Yesterday’s daf introduced us to a case where a woman’s father promises a dowry to his daughter, but then cannot pay his son-in-law. As we saw, in such a case there is a disagreement between the Tanna Kamma and Admon. According to the Tanna Kamma, the wife will remain in limbo forever, while according to Admon – whose opinion is accepted as the halakha – the wife may argue that she is not responsible for her father’s financial issues and demand that her husband either accept her or divorce her.
Tosafot bring the question that many of the rishonim ask: Why should the woman suffer because her father is not paying? If the father obligated himself, then it should be the responsibility of the court to force him to pay what he owes.
The Ritva points out that this question only applies according to those opinions that understand the expression pashat lo et ha-regel to mean that the father refuses to pay.
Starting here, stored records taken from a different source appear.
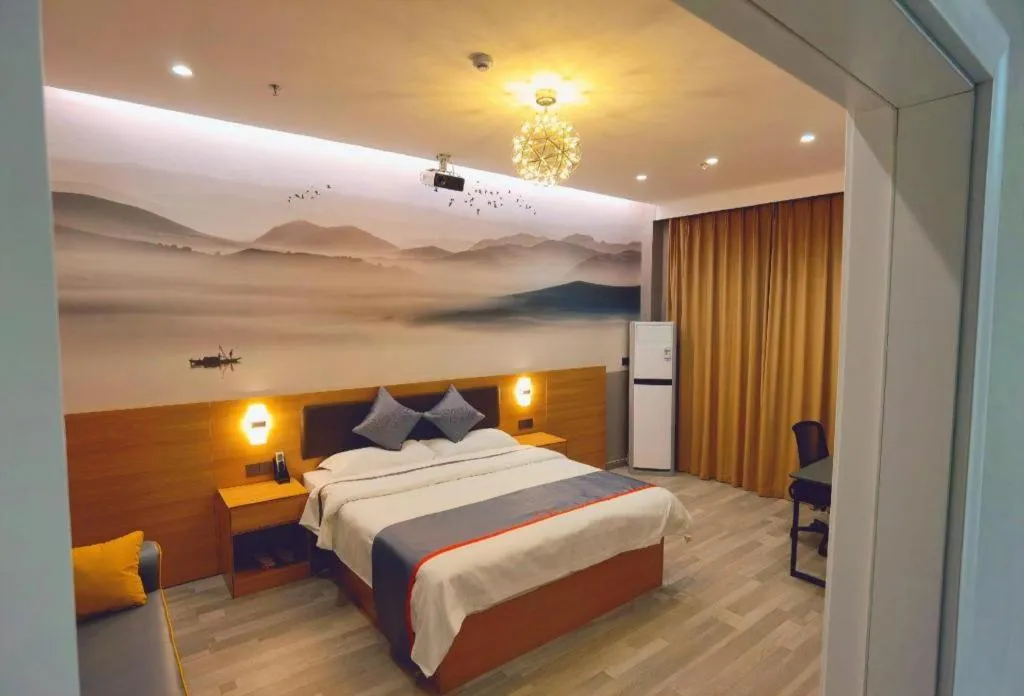 Bed in Jun Light Hotel Jiangxi Jiujiang Yongxiu County Dongyong Mall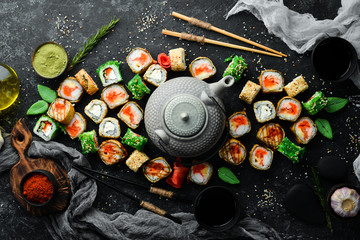 Set sushi rolls and tea ceremony with a teapot. Top view. Free space for your text.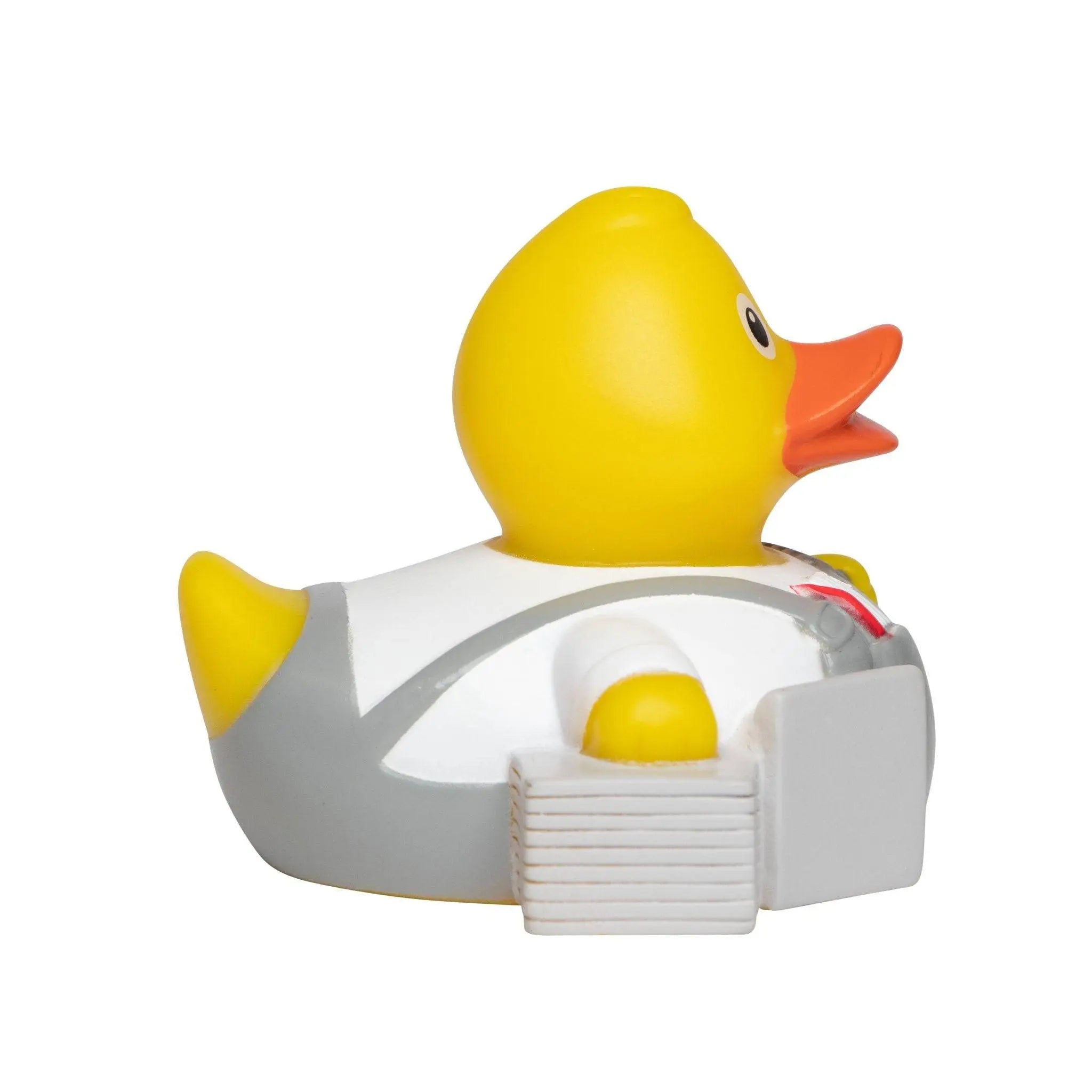 Fließenleger badeente in gelb mit grauem astronautenanzug und orangefarbenem schnabel als quietsche-ente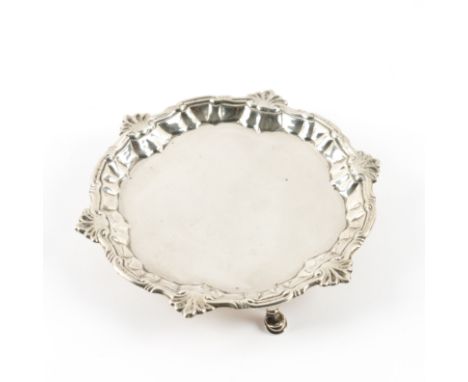 A LATE GEORGE II SILVER SHAPED CIRCULAR WAITERHaving a shaped rim in the Chippendale style, raised on three pad feet, diamete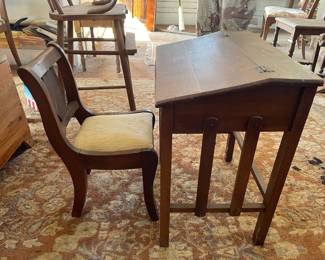 1910-1930 This is a vintage wooden school desk featuring a hinged slanting top and an attached chair with an upholstered seat. The piece displays a warm medium-brown wood finish with visible grain and simple square legs.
If the father cannot pay because he has no money, the court can hardly force him to pay what he does not have. Still, according to the other approach, why doesn’t the court obligate him to pay and solve the problem? This question is especially powerful because of the ruling of Rav Giddel, which we studied earlier, that even verbal agreements on the financial arrangements surrounding a marriage are binding (see Ketubot 102).
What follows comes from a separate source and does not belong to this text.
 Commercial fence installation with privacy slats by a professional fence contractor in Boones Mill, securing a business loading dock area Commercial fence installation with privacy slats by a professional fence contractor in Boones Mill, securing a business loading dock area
The Rashbam explains that the agreement is only binding if the wedding took place immediately after it was made, which clearly is not the case in our story. According to the Talmud Yerushalmi, Rav Giddel’s ruling applies only to a first marriage, and our Mishna must be talking about a subsequent marriage.
One other issue that is raised by the commentaries with regard to this case is whether we consider the father to have fulfilled his agreement if he has no money at all, since he is then viewed by the halakha as an anoos – someone who was forced by circumstance and cannot be held responsible.